2 CHRONICLES 9
21 For the king's ships went to Tarshish with the servants of Huram: every three years once came the ships of Tarshish bringing gold, and silver, ivory, and apes, and peacocks.
Opposite Tyre was an island, whose inhabitants were not attacked by the destroyer. To them the prophet says,
"Be still, ye inhabitants of the isle. Pass ye over to Tarshish; howl ye inhabitants of the isle. Is this Tyre, your joyous city, whose antiquity is of ancient days? Her own feet shall carry her afar off to sojourn."
It was strong in the days of Joshua, even 950 years before, but how long before that is not known.
When Nebuchadnezzar took the city after a siege of thirteen years, he found it empty. Tyre's own feet carried her away. The ships of Tarshish carried her people afar off to sojourn, and landed multitudes of them on the shores of their customers beyond the sea.
"Pass through thy land as a river, O daughter of Tarshish: strength is no more."
This they did after the manner stated, when they found they could no longer resist the Chaldeans with any prospect of success. Therefore, "Howl ye ships of Tarshish; for your strength" also "is laid waste," and the ruin of Tyre becomes yours for seventy years.
But Tarshish commercially seems to have been to Tyre what the United States and India are to the British emporium of trade and commerce. The navy and commerce of western Tarshish grew out of the prosperity and enterprise of its "daughter," Tyre.
In the days of Solomon, Tyre was a large city and small country, rich, and trading in ships to the coasts of the east and west. Tyre and Tarshish were connected at that time by commerce and navigation; for Hiram in alliance with Solomon traded in partnership with him to Tarshish.
The sons of Tarshish seem to have found their way to India and the coasts of India, as well as to Spain and Britain; so that in trading with them, the Tyrians and Israel visited their shores in their own vessels sailing from the ports of the Red Sea; while the mariners of Tarshish frequented Tyre in theirs from the west.

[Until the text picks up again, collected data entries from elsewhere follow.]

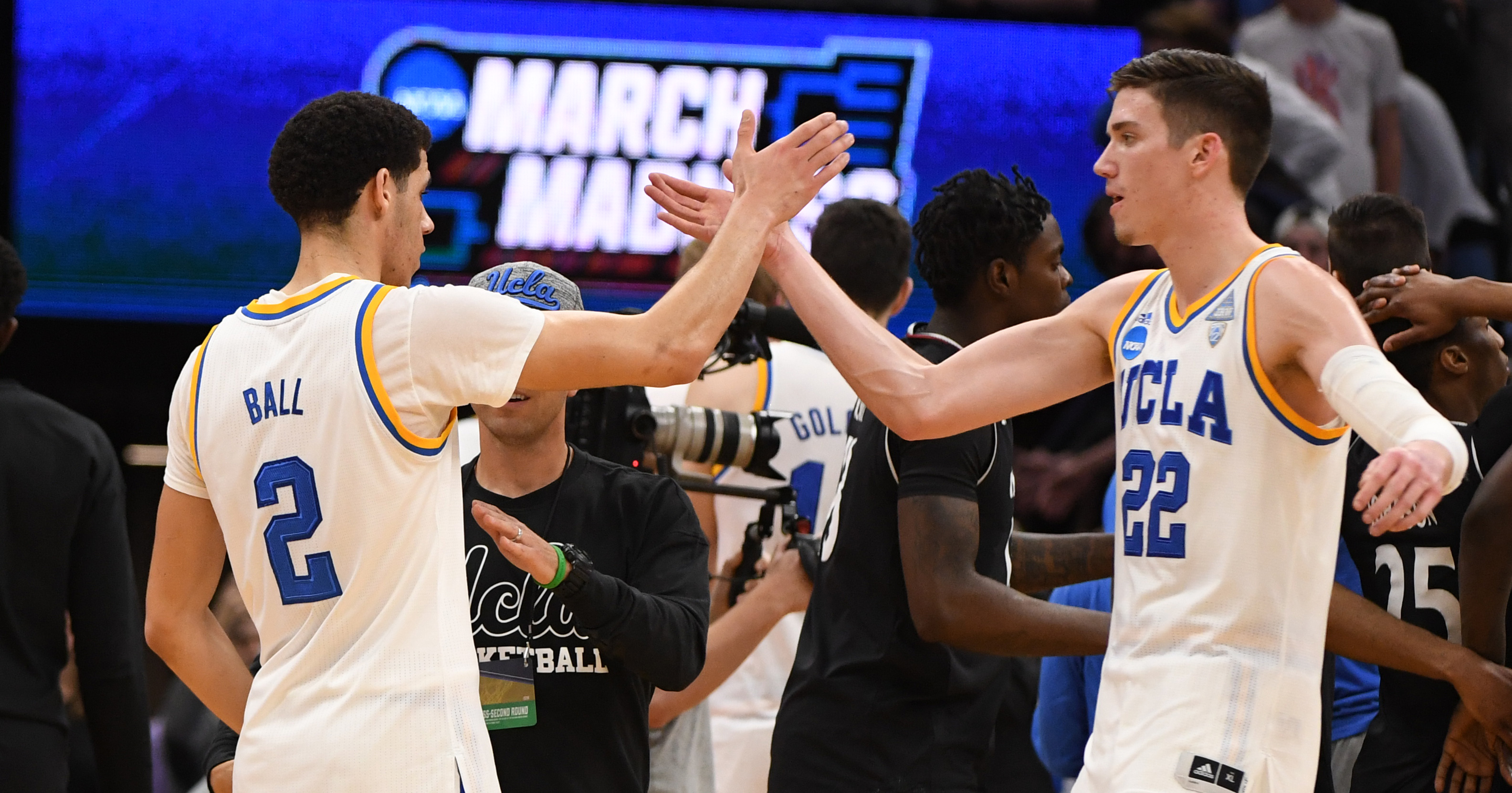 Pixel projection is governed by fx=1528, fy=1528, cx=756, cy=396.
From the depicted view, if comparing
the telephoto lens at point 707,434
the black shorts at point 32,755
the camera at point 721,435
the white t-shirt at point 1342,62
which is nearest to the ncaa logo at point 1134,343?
the camera at point 721,435

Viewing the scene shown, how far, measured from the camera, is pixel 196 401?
8.53ft

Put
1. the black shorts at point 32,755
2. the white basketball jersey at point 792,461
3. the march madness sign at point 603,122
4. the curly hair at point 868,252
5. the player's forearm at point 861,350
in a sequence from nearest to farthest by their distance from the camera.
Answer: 1. the player's forearm at point 861,350
2. the black shorts at point 32,755
3. the curly hair at point 868,252
4. the white basketball jersey at point 792,461
5. the march madness sign at point 603,122

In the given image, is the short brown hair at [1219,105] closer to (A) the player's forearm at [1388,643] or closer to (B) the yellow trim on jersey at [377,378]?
(A) the player's forearm at [1388,643]

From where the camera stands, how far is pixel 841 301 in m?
3.06

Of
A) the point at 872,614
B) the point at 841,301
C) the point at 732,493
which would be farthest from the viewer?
the point at 732,493

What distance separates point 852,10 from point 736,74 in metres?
0.69

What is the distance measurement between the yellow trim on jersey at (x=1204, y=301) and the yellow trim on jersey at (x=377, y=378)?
1329 millimetres

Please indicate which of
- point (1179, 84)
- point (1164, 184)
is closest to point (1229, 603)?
point (1164, 184)

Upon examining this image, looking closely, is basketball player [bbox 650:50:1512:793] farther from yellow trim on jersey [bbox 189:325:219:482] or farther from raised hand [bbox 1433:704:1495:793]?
yellow trim on jersey [bbox 189:325:219:482]

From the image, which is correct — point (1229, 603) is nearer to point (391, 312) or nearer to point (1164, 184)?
point (1164, 184)

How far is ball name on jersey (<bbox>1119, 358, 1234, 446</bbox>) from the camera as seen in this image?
8.46 ft

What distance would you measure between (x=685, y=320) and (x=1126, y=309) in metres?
0.90

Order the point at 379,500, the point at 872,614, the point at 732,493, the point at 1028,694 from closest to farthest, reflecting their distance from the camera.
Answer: the point at 379,500
the point at 872,614
the point at 732,493
the point at 1028,694

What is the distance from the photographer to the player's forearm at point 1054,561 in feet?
11.4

That the Tarshish people in the days of Solomon were found in the east is evident from scripture history. In accounting for the abundance of gold and silver in Jerusalem, the historian says,
"For Solomon had at sea a navy of Tarshish with the navy of Hiram; once in three years came the navy of Tarshish, bringing gold and silver, ivory, and apes, and peacocks. So King Solomon exceeded all the kings of the earth for riches and for wisdom."

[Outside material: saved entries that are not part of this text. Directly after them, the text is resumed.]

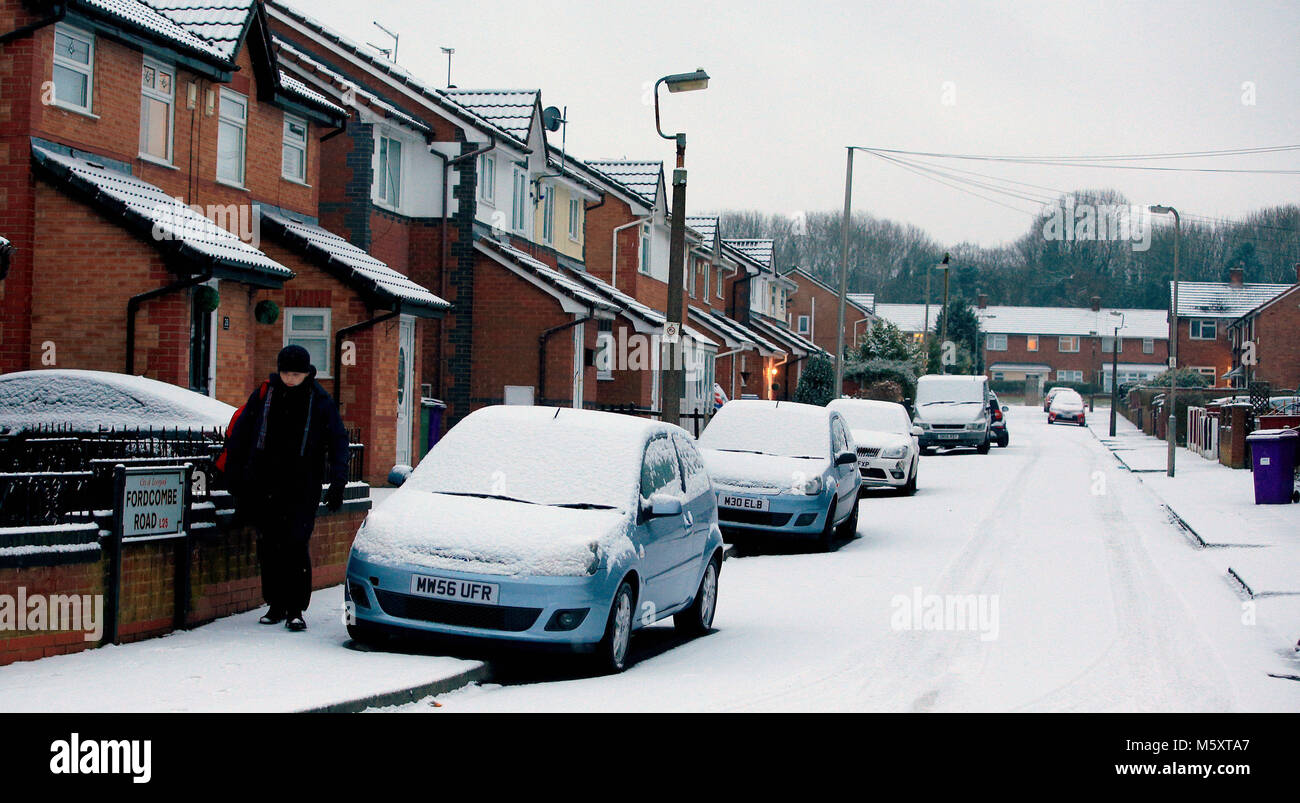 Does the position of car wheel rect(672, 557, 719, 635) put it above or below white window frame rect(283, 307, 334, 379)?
below

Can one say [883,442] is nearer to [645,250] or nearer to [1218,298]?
[645,250]

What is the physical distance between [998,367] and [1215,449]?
277 ft

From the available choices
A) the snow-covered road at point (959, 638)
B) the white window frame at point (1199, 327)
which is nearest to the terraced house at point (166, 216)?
the snow-covered road at point (959, 638)

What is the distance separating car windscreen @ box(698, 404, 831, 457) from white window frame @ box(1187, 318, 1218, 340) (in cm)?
8893

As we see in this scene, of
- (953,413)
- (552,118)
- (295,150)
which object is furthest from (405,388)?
(953,413)

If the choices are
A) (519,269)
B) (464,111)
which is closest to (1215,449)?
(519,269)

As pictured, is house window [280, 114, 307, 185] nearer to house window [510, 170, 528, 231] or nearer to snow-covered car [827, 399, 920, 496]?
house window [510, 170, 528, 231]

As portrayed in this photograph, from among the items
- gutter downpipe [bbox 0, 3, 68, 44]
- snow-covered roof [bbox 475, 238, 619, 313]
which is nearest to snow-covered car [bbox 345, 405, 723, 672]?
gutter downpipe [bbox 0, 3, 68, 44]

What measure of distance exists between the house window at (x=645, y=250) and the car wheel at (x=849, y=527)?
24.3 m

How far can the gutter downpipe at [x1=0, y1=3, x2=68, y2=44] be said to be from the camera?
15.3 meters

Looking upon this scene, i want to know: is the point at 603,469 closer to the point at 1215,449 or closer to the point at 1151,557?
the point at 1151,557

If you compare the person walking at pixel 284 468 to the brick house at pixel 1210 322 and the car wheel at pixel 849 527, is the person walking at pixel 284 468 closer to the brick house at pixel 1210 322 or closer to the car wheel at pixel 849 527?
the car wheel at pixel 849 527

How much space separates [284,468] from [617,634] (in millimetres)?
2461

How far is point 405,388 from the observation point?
2342 centimetres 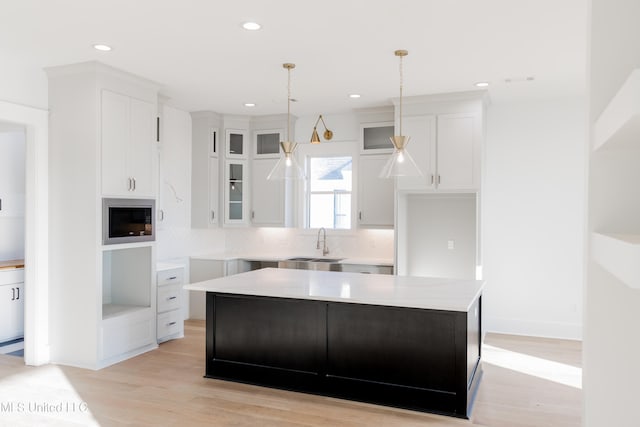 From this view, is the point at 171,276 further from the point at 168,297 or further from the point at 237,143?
the point at 237,143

Now that the navy did not belong to Tarshish, but to Solomon, appears from a parallel text, where it reads,
"And Solomon made a navy of ships in Eziongeber, which is beside Elath, on the shore of the Red Sea, in the land of Edom; and they came to Ophir and fetched from thence gold."
And, "the king's ships went to Tarshish with the servants of Hiram." Solomon owned the ships, and the king of Tyre found the sailors. Again, Jehoshaphat, king of Judah, joined himself with Ahaziah, king of Israel, to make ships of Tarshish; to go to Ophir for gold, and they built the ships, in Eziongeber. But the Lord broke the ships, and they were not able to go to Tarshish;" because of the wickedness of Ahaziah.

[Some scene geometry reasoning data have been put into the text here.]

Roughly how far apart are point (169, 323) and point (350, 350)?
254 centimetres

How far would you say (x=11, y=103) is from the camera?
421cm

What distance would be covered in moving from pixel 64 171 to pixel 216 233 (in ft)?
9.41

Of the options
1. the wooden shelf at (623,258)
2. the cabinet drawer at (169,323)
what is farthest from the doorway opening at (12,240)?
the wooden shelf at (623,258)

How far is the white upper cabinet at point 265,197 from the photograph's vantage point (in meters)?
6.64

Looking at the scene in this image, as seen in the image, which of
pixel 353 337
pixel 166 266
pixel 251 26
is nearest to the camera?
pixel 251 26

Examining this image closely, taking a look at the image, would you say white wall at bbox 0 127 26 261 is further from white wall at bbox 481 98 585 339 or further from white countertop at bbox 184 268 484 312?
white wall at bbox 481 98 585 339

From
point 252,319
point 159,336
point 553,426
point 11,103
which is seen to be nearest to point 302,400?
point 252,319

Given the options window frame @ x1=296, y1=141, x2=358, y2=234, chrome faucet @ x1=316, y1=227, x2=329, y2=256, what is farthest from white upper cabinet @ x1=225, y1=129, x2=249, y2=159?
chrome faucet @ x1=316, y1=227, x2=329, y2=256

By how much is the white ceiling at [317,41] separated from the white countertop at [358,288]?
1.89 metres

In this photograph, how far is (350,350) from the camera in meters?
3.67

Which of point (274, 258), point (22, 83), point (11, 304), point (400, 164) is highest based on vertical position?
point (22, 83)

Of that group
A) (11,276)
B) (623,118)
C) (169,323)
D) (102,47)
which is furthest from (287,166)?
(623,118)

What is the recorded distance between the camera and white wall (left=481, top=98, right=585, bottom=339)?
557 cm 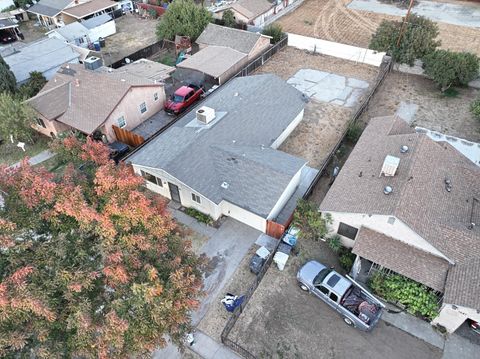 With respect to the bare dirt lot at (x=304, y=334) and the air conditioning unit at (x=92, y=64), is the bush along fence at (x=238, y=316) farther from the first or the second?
the air conditioning unit at (x=92, y=64)

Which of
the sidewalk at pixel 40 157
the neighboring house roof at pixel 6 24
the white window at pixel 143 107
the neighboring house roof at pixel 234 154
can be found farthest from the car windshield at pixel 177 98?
the neighboring house roof at pixel 6 24

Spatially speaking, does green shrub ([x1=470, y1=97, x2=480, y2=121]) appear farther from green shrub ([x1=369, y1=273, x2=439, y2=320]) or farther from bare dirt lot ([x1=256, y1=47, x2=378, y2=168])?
green shrub ([x1=369, y1=273, x2=439, y2=320])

Now it is evident from this, that the settlements of Tarshish to which Israel traded were in the east.
Eziongeber, where the ships to Tarshish sailed from, was at the extremity of Elan, a gulf of the Red Sea. A fleet weighing anchor from this port for a voyage out of one year and a half, could only have sailed in one direction, and that was to the straits of Babelmandeb, about 1500 miles in a south easterly course. Having passed the straits, they would sail east by north to Ophir, the Tyre of the east, on the coasts of Tarshish.
Wherever this mart of nations was, it would not be on the Arabian coast; for it was intended to send the ships "to Tarshish for to go to Ophir;"
if it had been there, it would have read "to Sheba," or "to Dedan for to go to Ophir." Josephus is no doubt correct in saying that Ophir was in India; which is equivalent to saying that Tarshish and India are the same; because Ophir is in Tarshish. To go "to Tarshish for to go to Ophir," is like saying they went "to England for to go to London."
The identity of Ophir and Tarshish with India is also manifested by the merchandize brought home in Solomon's ships-gold and silver, ivory, apes, and peacocks, almug trees and precious stones; all Indian products, collected at the great trading emporium of the east.